- Kantaranguri Location in West Bengal, India Kantaranguri Kantaranguri (India)
- Coordinates: 23°29′22″N 86°39′46″E﻿ / ﻿23.4894°N 86.6627°E
- Country: India
- State: West Bengal
- District: Purulia

Area
- • Total: 1.6228 km^{2} (0.6266 sq mi)

Population (2011)
- • Total: 5,435
- • Density: 3,349/km^{2} (8,674/sq mi)

Languages
- • Official: Bengali, English
- Time zone: UTC+5:30 (IST)
- PIN: 723121
- Telephone/STD code: 03251
- Lok Sabha constituency: Purulia
- Vidhan Sabha constituency: Kashipur
- Website: purulia.gov.in

= Kantaranguri =

Kantaranguri is a census town in the Kashipur CD block in the Raghunathpur subdivision of the Purulia district in the state of West Bengal, India.

==Geography==

===Location===
Kantaranguri is located at .

===Area overview===
Purulia district forms the lowest step of the Chota Nagpur Plateau. The general scenario is undulating land with scattered hills. Raghunathpur subdivision occupies the northern part of the district. 83.80% of the population of the subdivision lives in rural areas. However, there are pockets of urbanization and 16.20% of the population lives in urban areas. There are 14 census towns in the subdivision. It is presented in the map given alongside. There is a coal mining area around Parbelia and two thermal power plants are there – the 500 MW Santaldih Thermal Power Station and the 1200 MW Raghunathpur Thermal Power Station. The subdivision has a rich heritage of old temples, some of them belonging to the 11th century or earlier. The Banda Deul is a monument of national importance. The comparatively more recent in historical terms, Panchkot Raj has interesting and intriguing remains in the area.

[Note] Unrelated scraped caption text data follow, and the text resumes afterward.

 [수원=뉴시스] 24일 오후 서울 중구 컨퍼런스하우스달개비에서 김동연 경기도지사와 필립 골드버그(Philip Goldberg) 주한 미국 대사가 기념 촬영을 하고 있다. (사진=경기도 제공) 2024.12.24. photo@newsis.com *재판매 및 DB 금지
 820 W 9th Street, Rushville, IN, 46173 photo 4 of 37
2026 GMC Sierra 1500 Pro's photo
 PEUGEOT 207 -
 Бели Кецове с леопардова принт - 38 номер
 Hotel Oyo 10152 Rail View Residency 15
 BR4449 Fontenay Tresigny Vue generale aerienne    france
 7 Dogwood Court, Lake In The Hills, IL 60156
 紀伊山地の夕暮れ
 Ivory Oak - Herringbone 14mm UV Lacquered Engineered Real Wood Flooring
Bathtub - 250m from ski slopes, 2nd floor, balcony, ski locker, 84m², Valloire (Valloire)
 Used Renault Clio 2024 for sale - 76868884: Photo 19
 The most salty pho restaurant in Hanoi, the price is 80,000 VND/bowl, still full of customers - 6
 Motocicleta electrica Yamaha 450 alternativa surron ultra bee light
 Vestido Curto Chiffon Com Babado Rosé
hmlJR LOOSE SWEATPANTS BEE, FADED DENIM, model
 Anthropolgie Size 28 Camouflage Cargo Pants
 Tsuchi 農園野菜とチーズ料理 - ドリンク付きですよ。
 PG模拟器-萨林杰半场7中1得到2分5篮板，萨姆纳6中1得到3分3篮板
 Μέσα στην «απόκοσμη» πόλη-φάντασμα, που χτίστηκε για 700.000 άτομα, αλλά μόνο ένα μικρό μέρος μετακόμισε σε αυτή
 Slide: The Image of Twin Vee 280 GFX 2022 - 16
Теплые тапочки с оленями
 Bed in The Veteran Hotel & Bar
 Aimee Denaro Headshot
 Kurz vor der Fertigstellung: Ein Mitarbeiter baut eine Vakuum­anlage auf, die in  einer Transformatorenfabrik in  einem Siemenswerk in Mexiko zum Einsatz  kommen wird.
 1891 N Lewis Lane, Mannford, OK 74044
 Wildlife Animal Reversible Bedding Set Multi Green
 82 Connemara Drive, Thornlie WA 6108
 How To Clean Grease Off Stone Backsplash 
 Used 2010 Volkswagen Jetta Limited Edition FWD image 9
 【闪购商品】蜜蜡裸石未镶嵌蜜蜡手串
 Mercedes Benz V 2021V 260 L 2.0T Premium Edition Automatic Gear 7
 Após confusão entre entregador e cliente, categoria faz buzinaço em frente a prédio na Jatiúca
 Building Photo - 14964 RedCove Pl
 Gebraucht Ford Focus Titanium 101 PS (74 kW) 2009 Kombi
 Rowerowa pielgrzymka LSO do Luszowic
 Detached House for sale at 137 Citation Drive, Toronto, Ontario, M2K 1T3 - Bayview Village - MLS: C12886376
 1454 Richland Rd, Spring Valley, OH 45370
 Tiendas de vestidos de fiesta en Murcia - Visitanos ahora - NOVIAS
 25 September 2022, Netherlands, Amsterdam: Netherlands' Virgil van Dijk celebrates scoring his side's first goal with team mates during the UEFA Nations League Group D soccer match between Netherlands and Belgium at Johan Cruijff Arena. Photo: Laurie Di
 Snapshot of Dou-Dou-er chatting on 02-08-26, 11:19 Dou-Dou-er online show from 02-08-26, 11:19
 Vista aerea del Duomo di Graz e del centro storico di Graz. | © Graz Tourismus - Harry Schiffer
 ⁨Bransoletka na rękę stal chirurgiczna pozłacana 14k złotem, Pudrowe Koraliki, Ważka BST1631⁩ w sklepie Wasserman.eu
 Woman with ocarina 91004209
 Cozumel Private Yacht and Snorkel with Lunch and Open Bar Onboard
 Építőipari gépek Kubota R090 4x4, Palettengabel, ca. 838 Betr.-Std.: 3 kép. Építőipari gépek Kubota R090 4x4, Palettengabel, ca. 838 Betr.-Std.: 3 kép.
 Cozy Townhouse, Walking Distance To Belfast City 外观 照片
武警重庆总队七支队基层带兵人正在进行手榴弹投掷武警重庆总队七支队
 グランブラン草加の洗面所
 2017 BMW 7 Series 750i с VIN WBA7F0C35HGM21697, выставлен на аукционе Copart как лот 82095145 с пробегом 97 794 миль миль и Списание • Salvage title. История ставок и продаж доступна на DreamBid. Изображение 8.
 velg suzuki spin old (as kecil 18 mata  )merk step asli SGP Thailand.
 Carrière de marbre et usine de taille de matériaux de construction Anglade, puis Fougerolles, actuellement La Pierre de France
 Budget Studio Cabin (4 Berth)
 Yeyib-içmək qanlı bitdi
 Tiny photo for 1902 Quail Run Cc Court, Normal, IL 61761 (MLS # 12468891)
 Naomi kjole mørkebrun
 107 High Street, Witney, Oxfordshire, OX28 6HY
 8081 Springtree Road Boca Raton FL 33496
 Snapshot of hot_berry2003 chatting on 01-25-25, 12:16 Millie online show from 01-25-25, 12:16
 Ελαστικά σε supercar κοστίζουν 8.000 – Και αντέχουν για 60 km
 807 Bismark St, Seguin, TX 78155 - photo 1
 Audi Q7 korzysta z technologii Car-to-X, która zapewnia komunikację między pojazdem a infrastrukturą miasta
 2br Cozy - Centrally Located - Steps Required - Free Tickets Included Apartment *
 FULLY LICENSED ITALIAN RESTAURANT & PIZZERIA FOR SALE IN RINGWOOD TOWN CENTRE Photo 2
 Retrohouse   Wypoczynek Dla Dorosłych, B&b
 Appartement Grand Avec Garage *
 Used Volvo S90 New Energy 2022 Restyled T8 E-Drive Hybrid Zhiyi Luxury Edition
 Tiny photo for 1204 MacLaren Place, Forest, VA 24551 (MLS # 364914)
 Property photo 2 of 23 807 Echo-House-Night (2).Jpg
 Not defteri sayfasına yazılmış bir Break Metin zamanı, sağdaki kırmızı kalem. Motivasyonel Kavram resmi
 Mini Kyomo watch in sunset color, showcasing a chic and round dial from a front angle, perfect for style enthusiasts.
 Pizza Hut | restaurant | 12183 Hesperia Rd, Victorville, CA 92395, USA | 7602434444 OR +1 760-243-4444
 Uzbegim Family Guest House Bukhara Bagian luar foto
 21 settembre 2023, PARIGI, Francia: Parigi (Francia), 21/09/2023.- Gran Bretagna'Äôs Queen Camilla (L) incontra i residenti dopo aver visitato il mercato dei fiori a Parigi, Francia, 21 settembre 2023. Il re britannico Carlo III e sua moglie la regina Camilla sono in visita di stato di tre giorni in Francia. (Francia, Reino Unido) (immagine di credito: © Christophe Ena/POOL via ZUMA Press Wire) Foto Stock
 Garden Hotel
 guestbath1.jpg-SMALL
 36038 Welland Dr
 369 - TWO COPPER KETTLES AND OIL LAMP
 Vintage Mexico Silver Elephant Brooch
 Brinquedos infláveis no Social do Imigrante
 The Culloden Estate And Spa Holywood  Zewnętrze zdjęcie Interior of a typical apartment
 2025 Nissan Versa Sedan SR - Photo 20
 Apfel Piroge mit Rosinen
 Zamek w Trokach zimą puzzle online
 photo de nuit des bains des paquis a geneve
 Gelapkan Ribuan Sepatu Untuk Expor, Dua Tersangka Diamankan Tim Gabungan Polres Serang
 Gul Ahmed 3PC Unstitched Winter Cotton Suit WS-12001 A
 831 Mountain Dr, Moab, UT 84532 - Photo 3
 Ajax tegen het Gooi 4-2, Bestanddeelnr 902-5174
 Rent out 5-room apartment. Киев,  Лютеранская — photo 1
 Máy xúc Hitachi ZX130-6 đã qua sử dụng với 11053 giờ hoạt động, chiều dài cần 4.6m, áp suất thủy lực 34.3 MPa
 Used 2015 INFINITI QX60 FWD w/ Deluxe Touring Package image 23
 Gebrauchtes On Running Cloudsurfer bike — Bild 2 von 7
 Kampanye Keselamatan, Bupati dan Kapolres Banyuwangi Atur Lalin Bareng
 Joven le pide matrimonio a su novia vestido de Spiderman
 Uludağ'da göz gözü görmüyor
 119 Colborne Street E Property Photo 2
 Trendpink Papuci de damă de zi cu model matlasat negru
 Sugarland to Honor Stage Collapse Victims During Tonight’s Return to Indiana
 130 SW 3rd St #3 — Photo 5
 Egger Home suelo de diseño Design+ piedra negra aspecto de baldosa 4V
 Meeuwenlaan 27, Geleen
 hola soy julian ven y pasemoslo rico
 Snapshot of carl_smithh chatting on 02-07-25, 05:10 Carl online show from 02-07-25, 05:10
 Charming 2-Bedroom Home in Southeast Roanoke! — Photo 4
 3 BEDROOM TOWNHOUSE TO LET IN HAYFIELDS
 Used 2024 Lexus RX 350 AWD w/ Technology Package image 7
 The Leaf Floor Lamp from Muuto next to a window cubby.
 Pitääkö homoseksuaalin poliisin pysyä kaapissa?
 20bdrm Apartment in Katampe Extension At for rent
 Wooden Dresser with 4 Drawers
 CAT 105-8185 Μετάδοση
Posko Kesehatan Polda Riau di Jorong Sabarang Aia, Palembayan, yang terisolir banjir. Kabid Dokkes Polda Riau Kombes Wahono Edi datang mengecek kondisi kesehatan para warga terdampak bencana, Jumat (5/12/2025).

Note: The map alongside presents some of the notable locations in the subdivision. All places marked in the map are linked in the larger full screen map.

==Demographics==
According to the 2011 Census of India, Kantaranguri had a total population of 5,435, of which 2,736 (50%) were males and 2,699 (50%) were females. There were 472 persons in the age range of 0–6 years. The total number of literate persons in Kantaranguri was 4,445 (89.56% of the population over 6 years).

==Infrastructure==
According to the District Census Handbook 2011, Puruliya, Kantaranguri covered an area of 1.6228 km^{2}. Among the civic amenities, the protected water supply involved tap water from treated sources. It had 1,081 domestic electric connections. Among the medical facilities it had a dispensary/ health centre 1 km away, a nursing home 6 km away, 25 medicine shops. Among the educational facilities it had were 2 primary schools, 1 middle school, the nearest secondary school, the nearest senior secondary school, at Raniganj 0.5 km away, the nearest degree college at Kashipur 8 km away.

==Education==
Beko Anchal High School is a Bengali-medium coeducational institution established in 1967. It has facilities for teaching from class V to class XII.

Vidyasagar Vidyapith is a Bengali-medium coeducational institution established in 1996. It has facilities for teaching from class V to class X.

==Healthcare==
There is a primary health centre at Kantaranguri (PO Beko), with 6 beds.